Il est de cette gauche réelle, capable de prendre rendez-vous avec l’Histoire. Candidat à la présidence nationale du Parti socialiste, il lui faudra trouver les forces pour affirmer et imposer son combat pour plus de justice sociale dans un parti parfois trop confortablement installé dans le consensus national. Et même si, au lendemain d’une défaite électorale historique, les socialistes réclament le renforcement du parti national, il est raisonnable de considérer que l’ « axe progressiste » ne fera pas l’unanimité, loin s’en faut. Le cantonalisme et le localisme risquent de peser lourds pour empêcher ce fameux « retour aux sources », à la classe ouvrière, au monde du travail, aux salariés, prôné par Levrat et d’autres dirigeants romands. Il est presque regrettable qu’il soit le seul candidat à la présidence. Cela prive le monde politique d’une évaluation réelle de l’impact idéologique au sein du PS.
Le Conseiller national fribourgeois et dirigeant syndical se veut « carré »: « le PS doit être fidèle à ses valeurs, explique-t-il à Gauchebdo ». Et de cibler le message: Nous sommes proches du PST/POP et des autres partis de la gauche sur l’essentiel : la répartition capital-travail et la qualité du filet social. Si je suis élu à la présidence du parti socialiste, cette unité de vue améliorera nos relations avec la gauche de la gauche. Nos divergences ne sont que doctrinales. » Il est favorable à l’idée d’un salaire minimum national : « il faut surtout éviter de décrédibiliser l’idée. Evitons de nous précipiter. Consolidons le dossier. Voyons ce qui se passe dans les cantons…. ». Prudent le prochain « patron » du PS ? Surtout attentif à ne pas se brûler les ailes avant de les avoir déployées. Mais le syndicaliste qu’il est encore s’engage : « La syndicalisation des salariés est un thème prioritaire. Mais le patronat doit prendre conscience de la situation et prendre ses responsabilités. Dans certains secteurs, on touche aux limites du système. Dans l’industrie des technologies nouvelles, par exemple, il n’y a même pas d’organisation patronale avec laquelle négocier. » Et sur le thème d’un front commun entre le monde syndical et le monde politique pour maintenir les acquis sociaux, l’homme aux deux casquettes est un peu moins catégorique : « Faire front sur les questions sociétales, oui. Mais les rôles ne doivent pas être confondus. L’action syndicale doit être autonome pour être efficace. ».
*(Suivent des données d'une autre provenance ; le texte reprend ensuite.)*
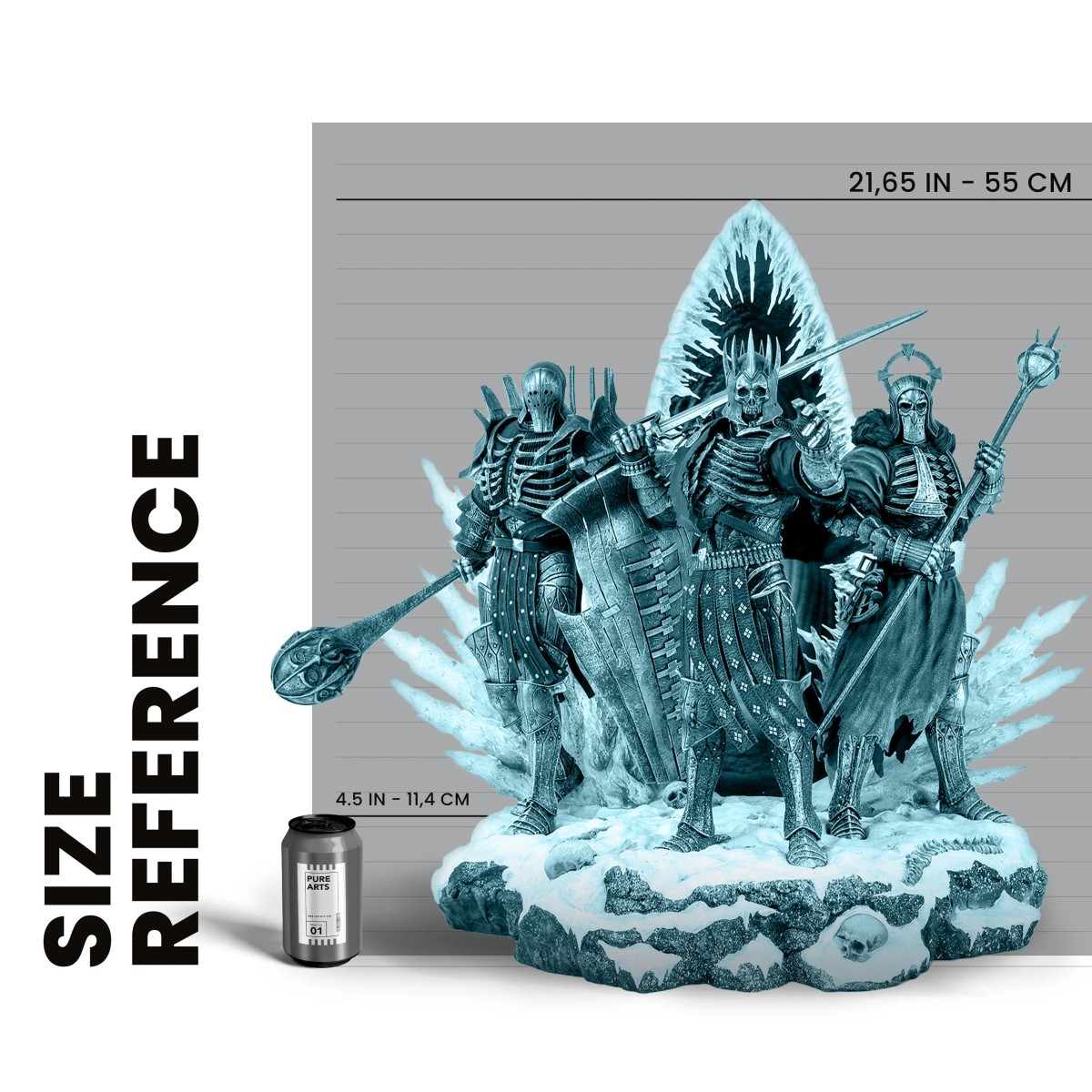 Pure Arts - The Witcher 3: Wild Hunt - Diorama del cacciatore selvaggio 1/6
Christian Levrat sait communiquer. C’est précisément ce que n’a pas su faire son organisation ces dernières années. Comme d’autres, les socialistes se sont laissés entraînés dans le sillage des stratégies de leurs adversaires. Avec pertes et fracas. C’est l’autre pari du politicien fribourgeois :
donner… envie de la gauche aux citoyens.
Le congrès du PSS aura lieu le 1 mars.